▶ [REQUIREMENT]: A faithful transcription of all the data is required.
◆ ◆ ◆ ◆ ◆
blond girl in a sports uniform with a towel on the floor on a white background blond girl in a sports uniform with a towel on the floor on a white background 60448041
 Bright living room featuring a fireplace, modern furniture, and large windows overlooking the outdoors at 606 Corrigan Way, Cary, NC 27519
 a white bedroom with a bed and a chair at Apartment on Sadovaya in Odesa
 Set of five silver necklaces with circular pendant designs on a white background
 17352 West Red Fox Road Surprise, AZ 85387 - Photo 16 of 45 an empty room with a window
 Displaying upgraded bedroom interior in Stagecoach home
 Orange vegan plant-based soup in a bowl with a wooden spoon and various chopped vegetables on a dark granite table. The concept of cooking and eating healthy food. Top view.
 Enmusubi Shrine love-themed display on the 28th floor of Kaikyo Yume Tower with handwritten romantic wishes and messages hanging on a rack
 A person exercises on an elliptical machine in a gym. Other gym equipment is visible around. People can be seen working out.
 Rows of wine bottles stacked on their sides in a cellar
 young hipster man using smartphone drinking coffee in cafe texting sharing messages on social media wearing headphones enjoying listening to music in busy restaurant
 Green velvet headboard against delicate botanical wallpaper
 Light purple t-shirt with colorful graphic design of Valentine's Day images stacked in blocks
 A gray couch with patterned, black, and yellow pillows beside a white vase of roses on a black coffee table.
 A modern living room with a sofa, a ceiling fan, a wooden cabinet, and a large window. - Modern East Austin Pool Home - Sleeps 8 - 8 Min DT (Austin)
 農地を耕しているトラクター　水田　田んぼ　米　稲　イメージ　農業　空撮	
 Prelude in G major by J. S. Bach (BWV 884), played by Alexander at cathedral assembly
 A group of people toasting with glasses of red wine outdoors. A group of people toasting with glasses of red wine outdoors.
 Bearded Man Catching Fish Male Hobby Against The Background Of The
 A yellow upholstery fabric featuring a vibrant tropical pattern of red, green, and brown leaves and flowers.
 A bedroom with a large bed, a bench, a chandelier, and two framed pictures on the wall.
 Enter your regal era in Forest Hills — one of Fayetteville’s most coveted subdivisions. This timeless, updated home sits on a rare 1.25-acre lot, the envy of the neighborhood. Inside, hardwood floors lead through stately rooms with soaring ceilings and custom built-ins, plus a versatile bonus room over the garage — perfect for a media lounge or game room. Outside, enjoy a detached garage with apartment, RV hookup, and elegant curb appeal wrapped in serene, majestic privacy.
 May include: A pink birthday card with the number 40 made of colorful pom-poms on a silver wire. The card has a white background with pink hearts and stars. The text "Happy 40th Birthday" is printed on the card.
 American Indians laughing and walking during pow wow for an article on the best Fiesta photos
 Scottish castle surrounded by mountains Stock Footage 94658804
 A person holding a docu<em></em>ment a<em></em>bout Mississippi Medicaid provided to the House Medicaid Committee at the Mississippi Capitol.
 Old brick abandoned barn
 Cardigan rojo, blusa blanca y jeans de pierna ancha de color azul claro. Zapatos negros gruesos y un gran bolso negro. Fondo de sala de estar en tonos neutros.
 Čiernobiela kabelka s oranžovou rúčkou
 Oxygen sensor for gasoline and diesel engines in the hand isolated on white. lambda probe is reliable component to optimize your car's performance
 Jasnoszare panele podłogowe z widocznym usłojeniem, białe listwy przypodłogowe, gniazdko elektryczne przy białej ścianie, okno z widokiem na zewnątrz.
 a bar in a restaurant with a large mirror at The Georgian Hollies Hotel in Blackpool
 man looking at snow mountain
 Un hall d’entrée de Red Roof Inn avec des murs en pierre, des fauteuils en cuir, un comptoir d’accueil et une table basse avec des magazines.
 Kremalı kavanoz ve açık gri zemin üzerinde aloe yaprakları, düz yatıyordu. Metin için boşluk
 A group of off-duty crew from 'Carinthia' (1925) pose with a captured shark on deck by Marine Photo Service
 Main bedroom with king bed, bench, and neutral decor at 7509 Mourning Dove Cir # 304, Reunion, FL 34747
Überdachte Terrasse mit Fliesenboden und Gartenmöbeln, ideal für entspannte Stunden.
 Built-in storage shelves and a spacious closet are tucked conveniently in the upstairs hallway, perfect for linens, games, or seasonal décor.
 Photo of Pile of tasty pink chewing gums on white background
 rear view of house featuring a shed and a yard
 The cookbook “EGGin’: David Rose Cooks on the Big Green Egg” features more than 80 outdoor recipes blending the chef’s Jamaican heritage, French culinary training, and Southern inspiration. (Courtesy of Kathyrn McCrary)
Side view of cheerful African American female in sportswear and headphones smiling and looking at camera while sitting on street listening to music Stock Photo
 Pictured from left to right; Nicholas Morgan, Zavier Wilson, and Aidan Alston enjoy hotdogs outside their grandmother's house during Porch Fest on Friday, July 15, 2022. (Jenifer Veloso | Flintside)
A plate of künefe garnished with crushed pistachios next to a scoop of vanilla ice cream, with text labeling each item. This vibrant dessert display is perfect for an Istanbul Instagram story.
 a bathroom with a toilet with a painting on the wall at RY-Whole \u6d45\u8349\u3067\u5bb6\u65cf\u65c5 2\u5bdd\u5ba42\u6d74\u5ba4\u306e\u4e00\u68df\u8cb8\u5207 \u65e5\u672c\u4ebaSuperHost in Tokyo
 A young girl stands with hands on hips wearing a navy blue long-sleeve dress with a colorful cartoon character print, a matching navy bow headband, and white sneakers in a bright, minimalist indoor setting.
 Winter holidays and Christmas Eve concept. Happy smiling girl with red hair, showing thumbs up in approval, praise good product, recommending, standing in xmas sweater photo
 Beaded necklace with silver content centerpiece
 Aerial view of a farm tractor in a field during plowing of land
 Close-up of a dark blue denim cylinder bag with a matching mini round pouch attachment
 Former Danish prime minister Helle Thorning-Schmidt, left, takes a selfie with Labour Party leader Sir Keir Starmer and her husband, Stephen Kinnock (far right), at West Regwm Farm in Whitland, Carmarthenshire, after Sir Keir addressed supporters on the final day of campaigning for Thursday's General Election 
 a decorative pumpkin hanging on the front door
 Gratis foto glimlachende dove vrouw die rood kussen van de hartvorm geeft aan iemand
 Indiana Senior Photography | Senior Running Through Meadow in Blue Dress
◆ ◆ ◆ ◆ ◆
▶ [RESULT OF THIS EXERCISE]:
blond girl in a sports uniform with a towel on the floor on a white background blond girl in a sports uniform with a towel on the floor on a white background 60448041
 Bright living room featuring a fireplace, modern furniture, and large windows overlooking the outdoors at 606 Corrigan Way, Cary, NC 27519
 a white bedroom with a bed and a chair at Apartment on Sadovaya in Odesa
 Set of five silver necklaces with circular pendant designs on a white background
 17352 West Red Fox Road Surprise, AZ 85387 - Photo 16 of 45 an empty room with a window
 Displaying upgraded bedroom interior in Stagecoach home
 Orange vegan plant-based soup in a bowl with a wooden spoon and various chopped vegetables on a dark granite table. The concept of cooking and eating healthy food. Top view.
 Enmusubi Shrine love-themed display on the 28th floor of Kaikyo Yume Tower with handwritten romantic wishes and messages hanging on a rack
 A person exercises on an elliptical machine in a gym. Other gym equipment is visible around. People can be seen working out.
 Rows of wine bottles stacked on their sides in a cellar
 young hipster man using smartphone drinking coffee in cafe texting sharing messages on social media wearing headphones enjoying listening to music in busy restaurant
 Green velvet headboard against delicate botanical wallpaper
 Light purple t-shirt with colorful graphic design of Valentine's Day images stacked in blocks
 A gray couch with patterned, black, and yellow pillows beside a white vase of roses on a black coffee table.
 A modern living room with a sofa, a ceiling fan, a wooden cabinet, and a large window. - Modern East Austin Pool Home - Sleeps 8 - 8 Min DT (Austin)
 農地を耕しているトラクター　水田　田んぼ　米　稲　イメージ　農業　空撮	
 Prelude in G major by J. S. Bach (BWV 884), played by Alexander at cathedral assembly
 A group of people toasting with glasses of red wine outdoors. A group of people toasting with glasses of red wine outdoors.
 Bearded Man Catching Fish Male Hobby Against The Background Of The
 A yellow upholstery fabric featuring a vibrant tropical pattern of red, green, and brown leaves and flowers.
 A bedroom with a large bed, a bench, a chandelier, and two framed pictures on the wall.
 Enter your regal era in Forest Hills — one of Fayetteville’s most coveted subdivisions. This timeless, updated home sits on a rare 1.25-acre lot, the envy of the neighborhood. Inside, hardwood floors lead through stately rooms with soaring ceilings and custom built-ins, plus a versatile bonus room over the garage — perfect for a media lounge or game room. Outside, enjoy a detached garage with apartment, RV hookup, and elegant curb appeal wrapped in serene, majestic privacy.
 May include: A pink birthday card with the number 40 made of colorful pom-poms on a silver wire. The card has a white background with pink hearts and stars. The text "Happy 40th Birthday" is printed on the card.
 American Indians laughing and walking during pow wow for an article on the best Fiesta photos
 Scottish castle surrounded by mountains Stock Footage 94658804
 A person holding a docu<em></em>ment a<em></em>bout Mississippi Medicaid provided to the House Medicaid Committee at the Mississippi Capitol.
 Old brick abandoned barn
 Cardigan rojo, blusa blanca y jeans de pierna ancha de color azul claro. Zapatos negros gruesos y un gran bolso negro. Fondo de sala de estar en tonos neutros.
 Čiernobiela kabelka s oranžovou rúčkou
 Oxygen sensor for gasoline and diesel engines in the hand isolated on white. lambda probe is reliable component to optimize your car's performance
 Jasnoszare panele podłogowe z widocznym usłojeniem, białe listwy przypodłogowe, gniazdko elektryczne przy białej ścianie, okno z widokiem na zewnątrz.
 a bar in a restaurant with a large mirror at The Georgian Hollies Hotel in Blackpool
 man looking at snow mountain
 Un hall d’entrée de Red Roof Inn avec des murs en pierre, des fauteuils en cuir, un comptoir d’accueil et une table basse avec des magazines.
 Kremalı kavanoz ve açık gri zemin üzerinde aloe yaprakları, düz yatıyordu. Metin için boşluk
 A group of off-duty crew from 'Carinthia' (1925) pose with a captured shark on deck by Marine Photo Service
 Main bedroom with king bed, bench, and neutral decor at 7509 Mourning Dove Cir # 304, Reunion, FL 34747
Überdachte Terrasse mit Fliesenboden und Gartenmöbeln, ideal für entspannte Stunden.
 Built-in storage shelves and a spacious closet are tucked conveniently in the upstairs hallway, perfect for linens, games, or seasonal décor.
 Photo of Pile of tasty pink chewing gums on white background
 rear view of house featuring a shed and a yard
 The cookbook “EGGin’: David Rose Cooks on the Big Green Egg” features more than 80 outdoor recipes blending the chef’s Jamaican heritage, French culinary training, and Southern inspiration. (Courtesy of Kathyrn McCrary)
Side view of cheerful African American female in sportswear and headphones smiling and looking at camera while sitting on street listening to music Stock Photo
 Pictured from left to right; Nicholas Morgan, Zavier Wilson, and Aidan Alston enjoy hotdogs outside their grandmother's house during Porch Fest on Friday, July 15, 2022. (Jenifer Veloso | Flintside)
A plate of künefe garnished with crushed pistachios next to a scoop of vanilla ice cream, with text labeling each item. This vibrant dessert display is perfect for an Istanbul Instagram story.
 a bathroom with a toilet with a painting on the wall at RY-Whole \u6d45\u8349\u3067\u5bb6\u65cf\u65c5 2\u5bdd\u5ba42\u6d74\u5ba4\u306e\u4e00\u68df\u8cb8\u5207 \u65e5\u672c\u4ebaSuperHost in Tokyo
 A young girl stands with hands on hips wearing a navy blue long-sleeve dress with a colorful cartoon character print, a matching navy bow headband, and white sneakers in a bright, minimalist indoor setting.
 Winter holidays and Christmas Eve concept. Happy smiling girl with red hair, showing thumbs up in approval, praise good product, recommending, standing in xmas sweater photo
 Beaded necklace with silver content centerpiece
 Aerial view of a farm tractor in a field during plowing of land
 Close-up of a dark blue denim cylinder bag with a matching mini round pouch attachment
 Former Danish prime minister Helle Thorning-Schmidt, left, takes a selfie with Labour Party leader Sir Keir Starmer and her husband, Stephen Kinnock (far right), at West Regwm Farm in Whitland, Carmarthenshire, after Sir Keir addressed supporters on the final day of campaigning for Thursday's General Election 
 a decorative pumpkin hanging on the front door
 Gratis foto glimlachende dove vrouw die rood kussen van de hartvorm geeft aan iemand
 Indiana Senior Photography | Senior Running Through Meadow in Blue Dress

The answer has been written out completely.